And when we took a break there, we were examining the question of whether our approximate theories like Newton's series, whether they're just sort of like human versions of the truth or whether they might be universal.
You know, are alien physicists likely to stumble into sort of the same ideas as we are?
or are these just sort of the way the humans think about the universe?
And I think one way to maybe probe that is to think about why it's even possible to do what Newton did.
I mean, if the universe has some fundamental theory down at the string scale, quantum gravity,
whatever is going on down there, why isn't everything at the human scale totally chaotic?
You know, if you try to describe a hurricane in terms of its fundamental bits, the raindrops,
it's a huge, difficult problem.
We don't have like a simple equation that tells you where a hurricane.

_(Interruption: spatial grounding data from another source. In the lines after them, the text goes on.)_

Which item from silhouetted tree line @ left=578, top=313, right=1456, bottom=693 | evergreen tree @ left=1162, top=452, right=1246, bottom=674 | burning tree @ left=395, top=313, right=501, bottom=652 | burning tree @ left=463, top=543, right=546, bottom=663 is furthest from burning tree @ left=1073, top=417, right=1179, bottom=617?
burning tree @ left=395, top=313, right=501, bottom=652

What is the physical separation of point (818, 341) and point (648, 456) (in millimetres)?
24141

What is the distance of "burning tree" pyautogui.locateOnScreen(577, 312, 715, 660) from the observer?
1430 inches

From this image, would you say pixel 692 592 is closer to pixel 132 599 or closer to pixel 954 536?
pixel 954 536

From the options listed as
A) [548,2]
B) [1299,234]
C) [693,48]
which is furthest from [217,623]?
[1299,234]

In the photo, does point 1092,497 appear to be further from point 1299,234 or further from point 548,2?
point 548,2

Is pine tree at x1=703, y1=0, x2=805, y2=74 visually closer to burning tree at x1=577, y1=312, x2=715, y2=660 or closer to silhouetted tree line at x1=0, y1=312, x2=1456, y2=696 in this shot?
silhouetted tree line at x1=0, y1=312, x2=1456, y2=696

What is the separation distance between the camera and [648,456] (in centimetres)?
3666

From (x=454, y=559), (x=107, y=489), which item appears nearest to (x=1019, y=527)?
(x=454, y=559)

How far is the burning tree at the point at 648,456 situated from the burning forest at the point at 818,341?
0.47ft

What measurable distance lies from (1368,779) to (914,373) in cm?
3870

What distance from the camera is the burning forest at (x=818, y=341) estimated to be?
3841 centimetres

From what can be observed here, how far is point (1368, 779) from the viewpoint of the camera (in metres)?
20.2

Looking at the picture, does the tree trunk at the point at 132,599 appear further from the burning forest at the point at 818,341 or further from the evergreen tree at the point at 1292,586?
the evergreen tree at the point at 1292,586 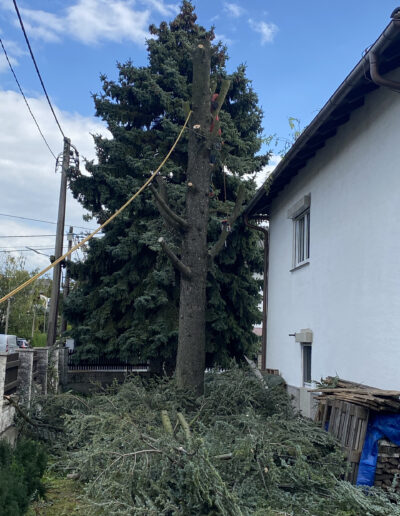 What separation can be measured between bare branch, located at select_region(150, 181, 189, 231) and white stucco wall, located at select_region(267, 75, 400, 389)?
2.09m

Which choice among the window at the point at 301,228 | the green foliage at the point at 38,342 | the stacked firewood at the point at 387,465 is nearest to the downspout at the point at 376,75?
the window at the point at 301,228

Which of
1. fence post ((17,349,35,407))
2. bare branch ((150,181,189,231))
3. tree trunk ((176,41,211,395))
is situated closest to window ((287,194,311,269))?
tree trunk ((176,41,211,395))

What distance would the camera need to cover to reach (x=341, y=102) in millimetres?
5734

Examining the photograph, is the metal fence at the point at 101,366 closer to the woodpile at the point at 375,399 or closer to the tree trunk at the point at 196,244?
the tree trunk at the point at 196,244

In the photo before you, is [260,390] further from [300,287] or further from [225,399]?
[300,287]

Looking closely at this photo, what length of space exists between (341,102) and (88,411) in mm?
4921

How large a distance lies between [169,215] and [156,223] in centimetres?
573

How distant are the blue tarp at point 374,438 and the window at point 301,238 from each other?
Result: 4159mm

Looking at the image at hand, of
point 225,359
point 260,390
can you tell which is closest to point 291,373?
point 260,390

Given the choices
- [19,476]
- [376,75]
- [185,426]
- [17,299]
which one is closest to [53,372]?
[185,426]

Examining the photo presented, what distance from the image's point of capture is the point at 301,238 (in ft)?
29.6

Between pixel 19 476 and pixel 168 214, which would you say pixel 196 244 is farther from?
pixel 19 476

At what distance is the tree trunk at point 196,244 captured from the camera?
6.84 metres

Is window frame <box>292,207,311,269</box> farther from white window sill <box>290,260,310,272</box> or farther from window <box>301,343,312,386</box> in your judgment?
window <box>301,343,312,386</box> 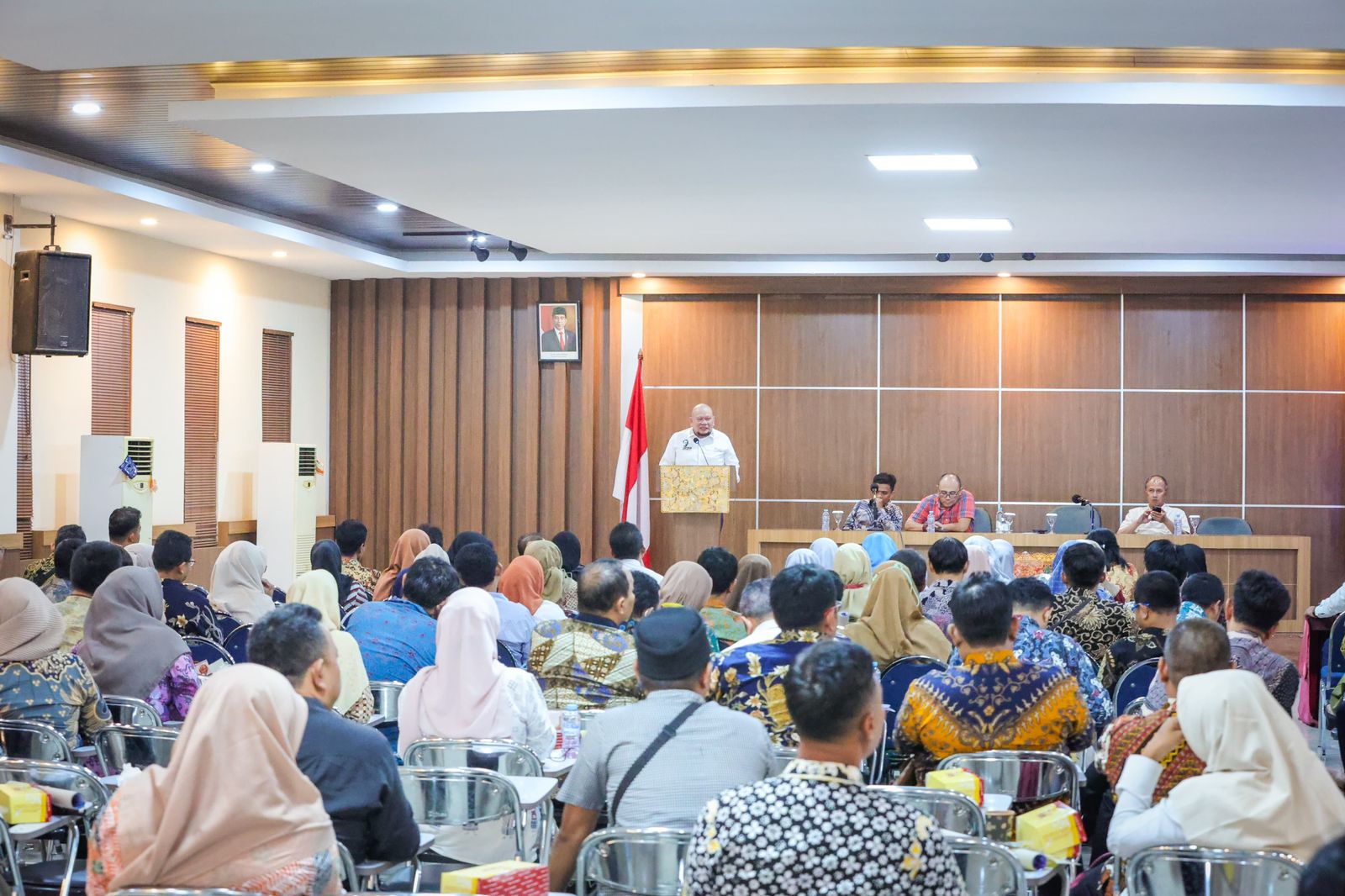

hurricane is going to land. It's a massively chaotic problem and you have to model every tiny little
raindrop and if a raindrop moves over a meter, it could change the entire path of the
hurricane. But in our world, it's possible to do what Newton did and describe the path of a ball
through the air without knowing anything about quantum gravity, right? You can make chicken soup
without knowing what the soup is really made out of. And to me, that seems like the key there,
if these things are emergent, these descriptions, these simplified mathematical stories of the
universe are universal. Everybody else should find them as well. But do we even know why they exist?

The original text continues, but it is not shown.